En Italie, "le mouvement cinq étoiles" de Beppe Grillo grimpe lui aussi dans les sondages. Son discours antisystème, sa volonté de bâtir une "autre Europe", à partir notamment d'un référendum sur l'euro, de l'abolition du pacte de stabilité et de l'équilibre budgétaire, rencontre de plus en plus d’écho, surtout chez les plus jeunes. Si l’ancien humoriste ne se fixe pas d’objectif, il sait qu’il s’avance sur un terrain propice : 63 % des Italiens estiment en effet que leur pays a "tiré plus de désavantages que d'avantages de l'Europe" et 77 % n'ont "aucune confiance" dans les institutions communautaires.
Pourquoi ils ne pèseront pas. Depuis les élections européennes de juin 2009, le règlement du Parlement européen a été modifié et il faut désormais 25 députés - contre 20 auparavant - provenant d'au moins un quart des États membres pour former un groupe. Les eurosceptiques pourront donc, sans aucun doute, se réunir. Ce qui ne veut pas dire pour autant qu’ils vont peser davantage, et ce pour plusieurs raisons.
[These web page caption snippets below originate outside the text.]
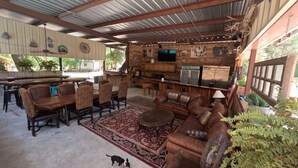 A rustic outdoor dining area with wooden furniture, a large rug, and a dog. - Avie's Hideaway, Exclusive Private Riverfront @Vacation Frio River Room #1 (Concan)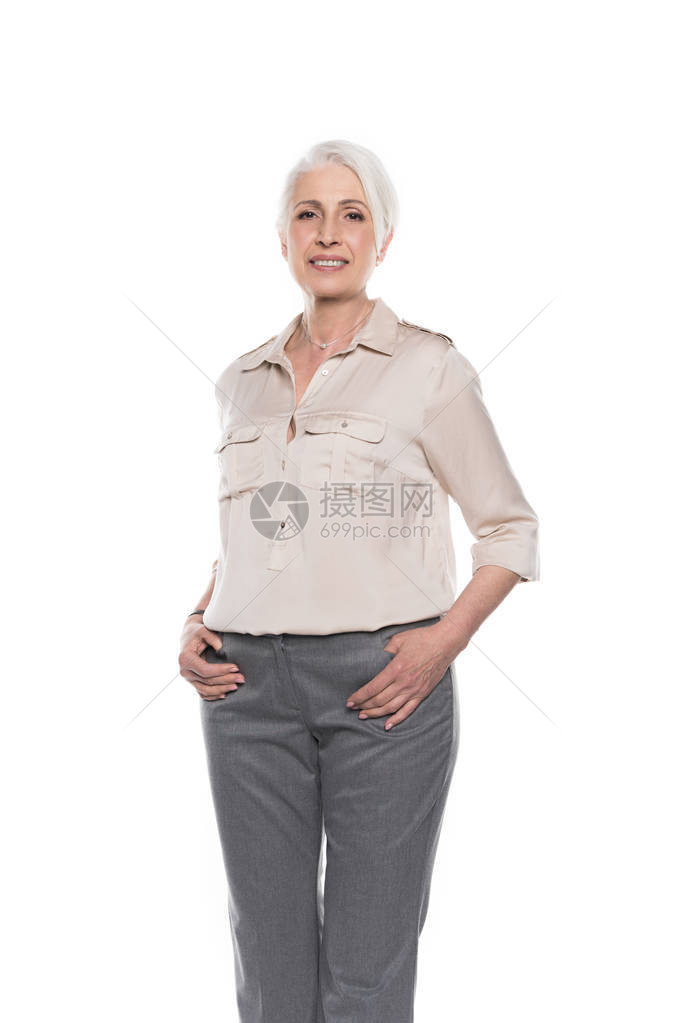美丽的高夫人拿着手站在口袋里看着在白色上被图片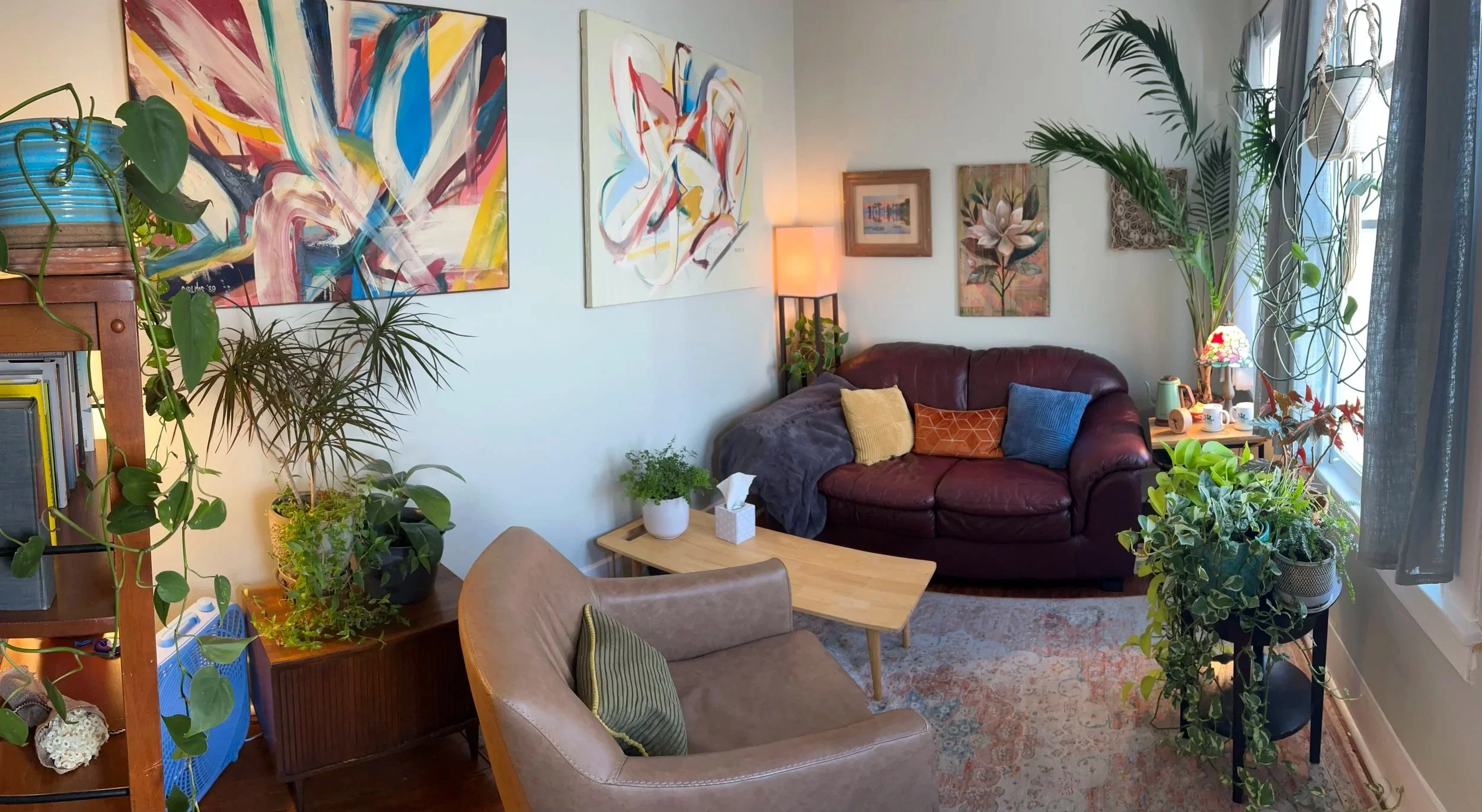 Therapy office at New Orleans Counseling Alliance with plants and natural light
La première tient à l’hétérogénéité politique de ces mouvements, qui vont de l’extrême droite - le plus souvent - à l’extrême gauche en passant pas les ultra-libéraux ou les souverainistes. Impossible dès lors d’adopter une position et un discours commun sur les textes en discussion dans l’hémicycle strasbourgeois. Pour preuve, au sein du Parlement issu des élections de 2009, ces eurosceptiques siégeaient dans quatre groupes politiques différents, ce qui les marginalise totalement.
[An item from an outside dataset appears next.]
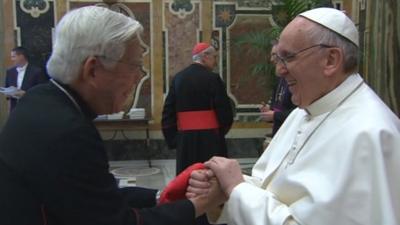 Pope Francis greets the cardinals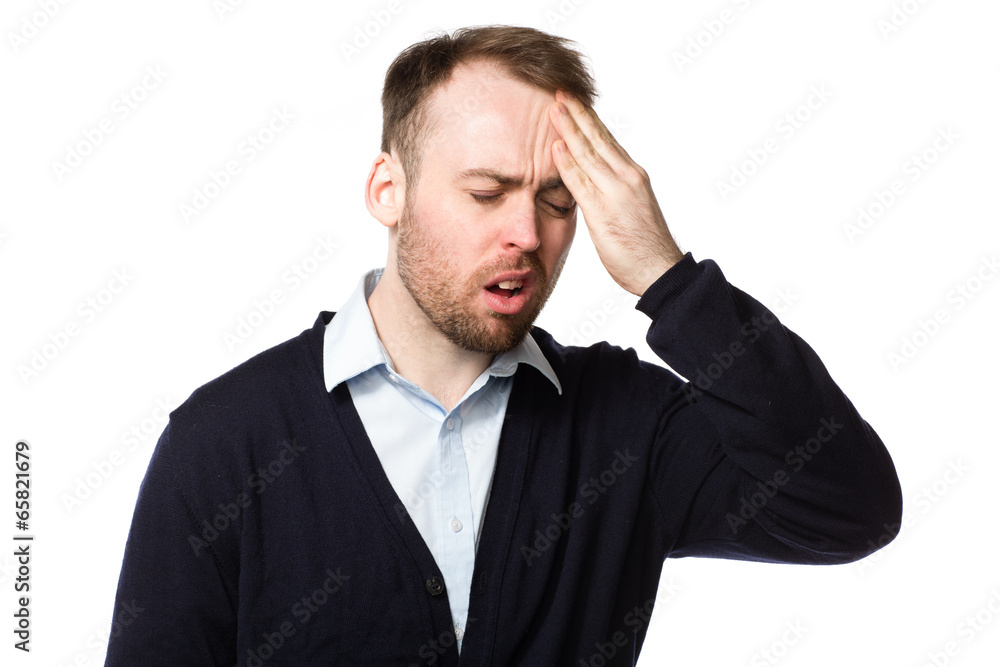 Man rubbing his throbbing forehead with his hand Man rubbing his throbbing forehead with his hand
Une autre explication tient à l’effacement du traditionnel clivage droite-gauche à Bruxelles. Si les eurosceptiques seront certes minoritaires, ils pourraient toutefois jouer un rôle d’arbitre entre le Parti populaire européen (PPE) et le Parti socialiste européen (PSE). Mais, comme l’a expliqué sur Atlantico Olivier Costa, directeur d’études au Collège d’Europe, cela aurait été "possible seulement dans le cas où le PPE et le PSE ne sont pas d'accord. Or, sitôt que le fonctionnement de l'UE est mis en péril, les deux partis trouvent toujours le moyen de coopérer."
La dernière raison tient dans la difficulté d’exister au Parlement européen quand on y est hostile. Beaucoup d’eurodéputés ne prennent même pas la peine de se déplacer. Jean-Marie et Marine Le Pen sont, par exemple, parmi les parlementaires les moins assidus. D’autres font acte de présence, mais participent très peu, soient par désintérêt, soient parce que leurs collègues les empêchent. Leur poids potentiel ne dépendra donc pas tant de leur nombre d’élus que de leur capacité à s’investir dans le mandat qui leur aura été confié.
Les amoureux de l’Europe peuvent donc dormir sur leurs deux oreilles : "quoiqu'il arrive, même si l'euroscepticisme progresse partout en Europe, la majorité au Parlement Européen ne sera pas eurosceptique", a tranché dans Le Figaro Jean-Yves Camus, spécialiste de l'extrême droite. Une bonne nouvelle également pour François Hollande qui, en octobre 2013, estimait que "le Parlement européen peut, en mai prochain, être pour une large part composé d’anti-européens."